Please, help me to solve this problems by Cramer's rule
Question number :
1. 5/x + 3/y = 19
2/x + 1/y = 7
Question number :
2. log x + 2 log y = 4
2 log x - 3 log y = 1
The Answer for number 1 :
D = -1
Dx = -2
Dy = -3
The answer for number 2 :
D = -5
Dx = -14
Dy = -3
Please, explain me the steps to get both of that answer..
Your text explains Cramer's Rule, surely. Read it where it discusses taking determinants of coefficients. Or google cramers rule for lots of examples.
Fo the first,
D =
|5 3|
|2 1| = 5-6 = -1
Dx =
|19 3|
|7 1| = 19-21 = -2
x = Dx/D = 2
and similarly for the other parts
let u = 1/x
let v = 1/y
5 3 |u| 19
2 1 |v| 7
D = 5*1-3*2 = 5-6 = -1
Du = 19*1-3*7 = 19-21 = -2
Dv = 5*7-19*2 = 35-38 = -3
then u = Du/D = -2/-1 = 2
so
x = 1/u = 1/2
and v = Dv/D = -3/-1 = 3
so
y = 1/3
You have typos I think
I assume the second one is actually
log x + 2 log y = 4
log x - 3 log y = 1
let u = log x and v = log y
1 +2 |u| 4
1 -3 |v| 1
D = 1(-3)-2(1) = -3-2 = -5
etc
Certainly! To solve the given problems using Cramer's rule, we need to find the values of x and y that satisfy the system of equations.

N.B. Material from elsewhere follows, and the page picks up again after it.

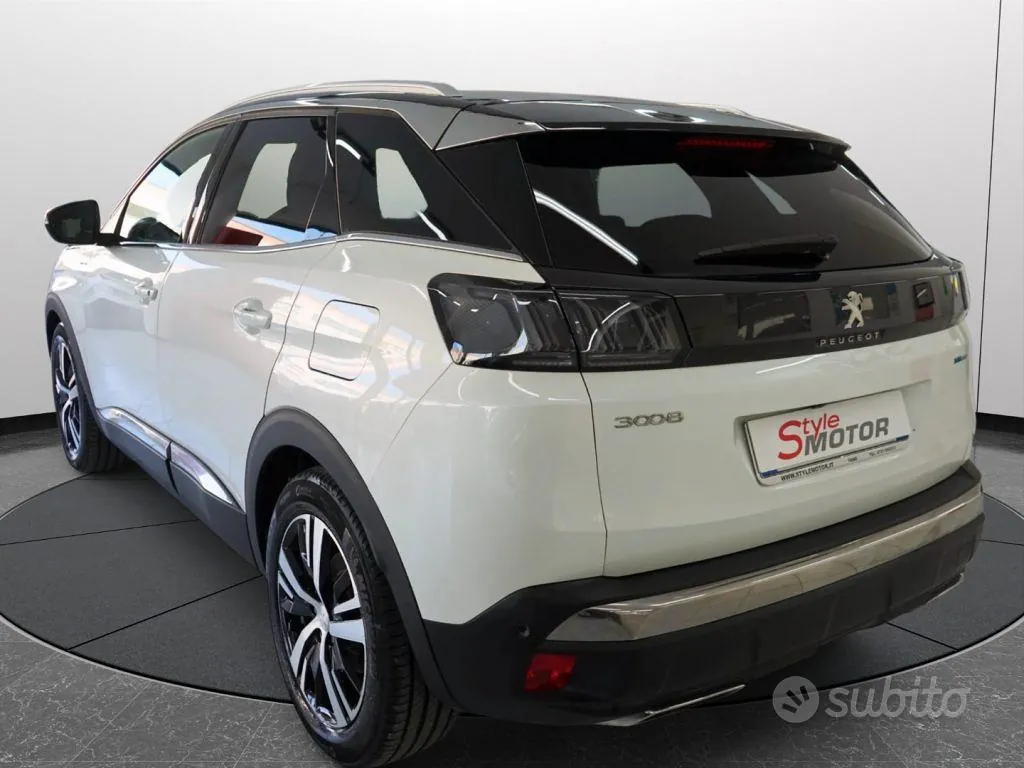 Peugeot 3008 2022 photo 3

Here are the step-by-step explanations for both question numbers:
Question number 1:
1. Rewrite the equations in the form Ax + By = C:
5/x + 3/y = 19 -> 5xy + 3xy = 19xy -> 5y + 3x = 19xy (Equation 1)
2/x + 1/y = 7 -> 2y + x = 7xy (Equation 2)
2. Set up the determinant D (denoted as D):
D = (coefficient of x in Equation 1 * coefficient of y in Equation 2) - (coefficient of y in Equation 1 * coefficient of x in Equation 2)
= (3 * 2) - (5 * 1)
= 6 - 5
= 1
3. Set up the determinant Dx:
Dx = (constant term in Equation 1 * coefficient of y in Equation 2) - (coefficient of y in Equation 1 * constant term in Equation 2)
= (19 * 2) - (5 * 7)
= 38 - 35
= 3
4. Set up the determinant Dy:
Dy = (coefficient of x in Equation 1 * constant term in Equation 2) - (constant term in Equation 1 * coefficient of x in Equation 2)
= (3 * 7) - (5 * 2)
= 21 - 10
= 11
5. Calculate the values of x and y:
x = Dx / D = 3 / 1 = 3
y = Dy / D = 11 / 1 = 11
Therefore, the solution to the system of equations in question number 1 is x = 3 and y = 11.
Question number 2:
1. Rewrite the equations in the form M log(x) + N log(y) = P:
log(x) + 2log(y) = 4 -> log(x) + log(y^2) = 4 -> log(xy^2) = 4 (Equation 1)
2log(x) - 3log(y) = 1 -> log(x^2) - log(y^3) = 1 -> log(x^2/y^3) = 1 (Equation 2)
2. Convert the logarithmic equations into exponential form:
Equation 1 becomes xy^2 = 10^4 -> xy^2 = 10000
Equation 2 becomes x^2/y^3 = 10^1 -> x^2/y^3 = 10
3. Use Cramer's rule to calculate the determinants:
- Set up the determinant D:
D = (coefficient of x in Equation 1 * coefficient of y in Equation 2) - (coefficient of y in Equation 1 * coefficient of x in Equation 2)
= (1 * -3) - (2 * 1)
= -3 - 2
= -5
- Set up the determinant Dx:
Dx = (constant term in Equation 1 * coefficient of y in Equation 2) - (coefficient of y in Equation 1 * constant term in Equation 2)
= (10000 * -3) - (2 * 1)
= -30000 - 2
= -30002
- Set up the determinant Dy:
Dy = (coefficient of x in Equation 1 * constant term in Equation 2) - (constant term in Equation 1 * coefficient of x in Equation 2)
= (1 * 1) - (10000 * -3)
= 1 - (-30000)
= 30001
4. Calculate the values of x and y:
x = Dx / D = -30002 / -5 = 6000.4
y = Dy / D = 30001 / -5 = -6000.2
Therefore, the solution to the system of equations in question number 2 is x ≈ 6000.4 and y ≈ -6000.2.
Please note that the answers for question number 2 are approximate due to the use of logarithmic operations.